While the CERCLA designation is a powerful tool to hold manufacturers accountable, it has created a significant and controversial side effect. The law's broad liability net threatens to ensnare entities that did not produce or profit from PFAS, but merely handled materials containing them. These are the 'passive receivers': municipal water utilities, wastewater treatment plants, landfill operators, and even local airports that used PFAS-containing firefighting foam as required by federal regulations.

These entities are now discovering that their facilities are contaminated. Wastewater plants receive PFAS from industrial and consumer sources, and these chemicals pass through their treatment processes into biosolids, which are often spread on farmland as fertilizer, creating another cycle of contamination. Landfills accept everyday consumer goods—from carpets to food packaging—that shed PFAS into leachate, the liquid that percolates through the waste. Water utilities, tasked with providing safe drinking water, are finding their source water already contaminated and are now legally required to remove these chemicals at immense cost.

For these essential public services, a CERCLA lawsuit could be financially catastrophic. They were not involved in the creation or sale of these chemicals. They were, and are, providing a vital public service. Forcing them to bear the cleanup costs would mean passing those costs directly to the public through higher water bills, higher waste disposal fees, and increased taxes. It would, in effect, force the victims of the pollution to pay for the cleanup while the original polluters are shielded.

The Search for a Legislative Shield

Recognizing this inherent unfairness, a bipartisan effort is underway in Congress to shield passive receivers from CERCLA liability. Legislation like the 'Water Systems PFAS Liability Protection Act' has been introduced to ensure that legal responsibility remains fixed on the manufacturers who created the problem. The goal is not to absolve anyone of responsibility, but to direct it appropriately.

The EPA has publicly stated its enforcement discretion will focus on the polluters who significantly contributed to the contamination, not on entities like public water utilities. However, this policy is non-binding. It doesn't prevent a manufacturer from suing a landfill or a water system to try and recoup some of its own cleanup costs, trapping public entities in expensive, multi-year legal battles.

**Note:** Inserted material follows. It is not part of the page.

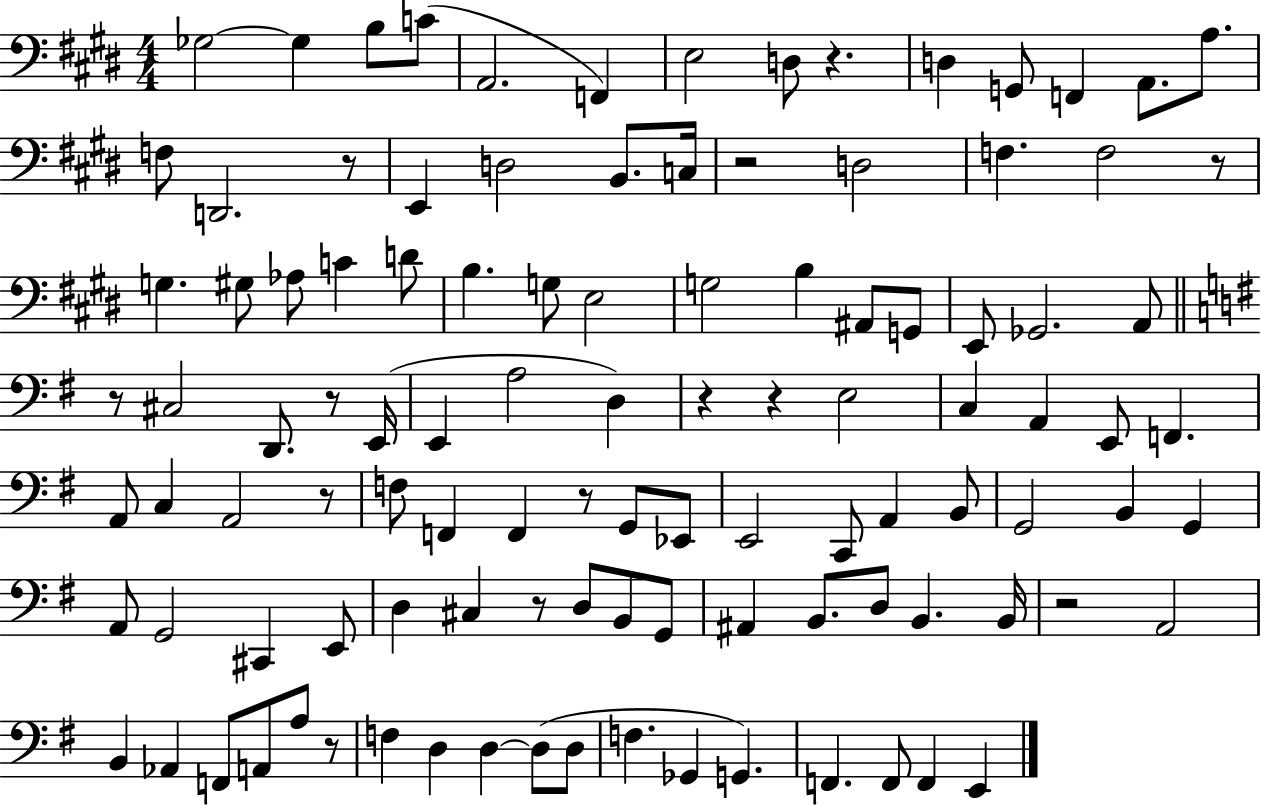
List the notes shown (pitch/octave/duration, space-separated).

Gb3/h Gb3/q B3/e C4/e A2/h. F2/q E3/h D3/e R/q. D3/q G2/e F2/q A2/e. A3/e. F3/e D2/h. R/e E2/q D3/h B2/e. C3/s R/h D3/h F3/q. F3/h R/e G3/q. G#3/e Ab3/e C4/q D4/e B3/q. G3/e E3/h G3/h B3/q A#2/e G2/e E2/e Gb2/h. A2/e R/e C#3/h D2/e. R/e E2/s E2/q A3/h D3/q R/q R/q E3/h C3/q A2/q E2/e F2/q. A2/e C3/q A2/h R/e F3/e F2/q F2/q R/e G2/e Eb2/e E2/h C2/e A2/q B2/e G2/h B2/q G2/q A2/e G2/h C#2/q E2/e D3/q C#3/q R/e D3/e B2/e G2/e A#2/q B2/e. D3/e B2/q. B2/s R/h A2/h B2/q Ab2/q F2/e A2/e A3/e R/e F3/q D3/q D3/q D3/e D3/e F3/q. Gb2/q G2/q. F2/q. F2/e F2/q E2/q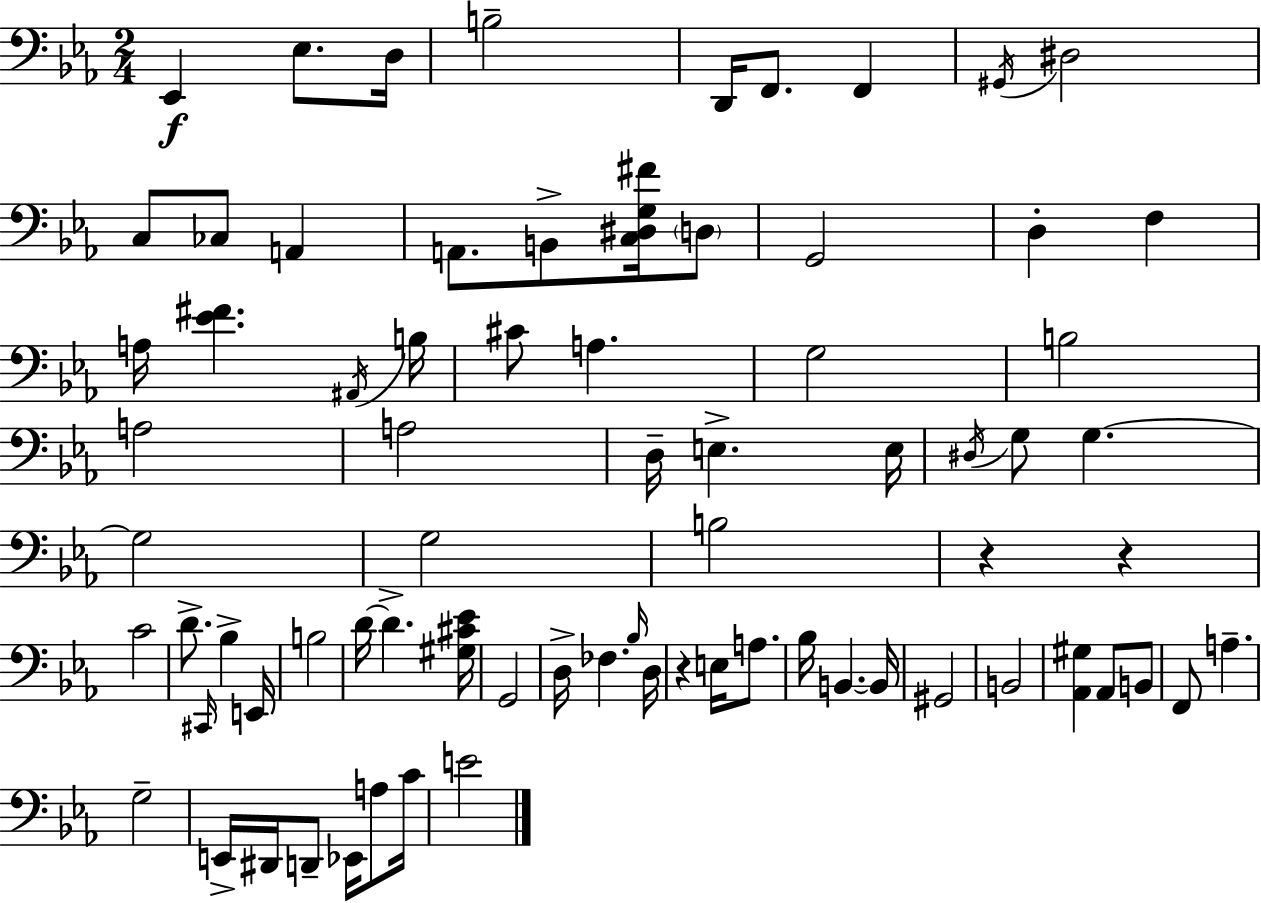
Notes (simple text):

Eb2/q Eb3/e. D3/s B3/h D2/s F2/e. F2/q G#2/s D#3/h C3/e CES3/e A2/q A2/e. B2/e [C3,D#3,G3,F#4]/s D3/e G2/h D3/q F3/q A3/s [Eb4,F#4]/q. A#2/s B3/s C#4/e A3/q. G3/h B3/h A3/h A3/h D3/s E3/q. E3/s D#3/s G3/e G3/q. G3/h G3/h B3/h R/q R/q C4/h D4/e. C#2/s Bb3/q E2/s B3/h D4/s D4/q. [G#3,C#4,Eb4]/s G2/h D3/s FES3/q. Bb3/s D3/s R/q E3/s A3/e. Bb3/s B2/q. B2/s G#2/h B2/h [Ab2,G#3]/q Ab2/e B2/e F2/e A3/q. G3/h E2/s D#2/s D2/e Eb2/s A3/e C4/s E4/h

Without a strong legislative shield, these public utilities remain vulnerable. They are caught between federal mandates to clean up the water and a legal system that could bankrupt them for doing so. This is an untenable position for the organizations we rely on for our most basic public health and sanitation needs.

Our Position: Accountability Must Start at the Source

At the EPR Foundation, we believe that the only just and sustainable solution is to ensure that the 'polluter pays' principle is applied directly and unequivocally to the manufacturers of PFAS chemicals. The decades of profit derived from these products must now be weighed against the centuries of pollution they will leave behind.

While federal funding from initiatives like the Bipartisan Infrastructure Law provides some welcome relief for public utilities, it is a temporary patch, not a permanent solution. Public money should be used to accelerate cleanup and protect public health, but it should not absolve the original polluters of their ultimate financial responsibility.

The legal and legislative frameworks must be clarified to provide a permanent, statutory shield for passive receivers. Municipalities and utilities should be allies in the cleanup effort, not financial targets. Their resources must be focused on the technical challenges of remediation, not diverted to defending against lawsuits from the very companies that caused the contamination.

The $51 billion question of who pays for PFAS cleanup has a clear answer: the burden must fall on the shoulders of those who created and profited from this crisis. Anything less is a failure of environmental justice and a guarantee that the public will be forced to pay twice—once with their health, and again with their wallets.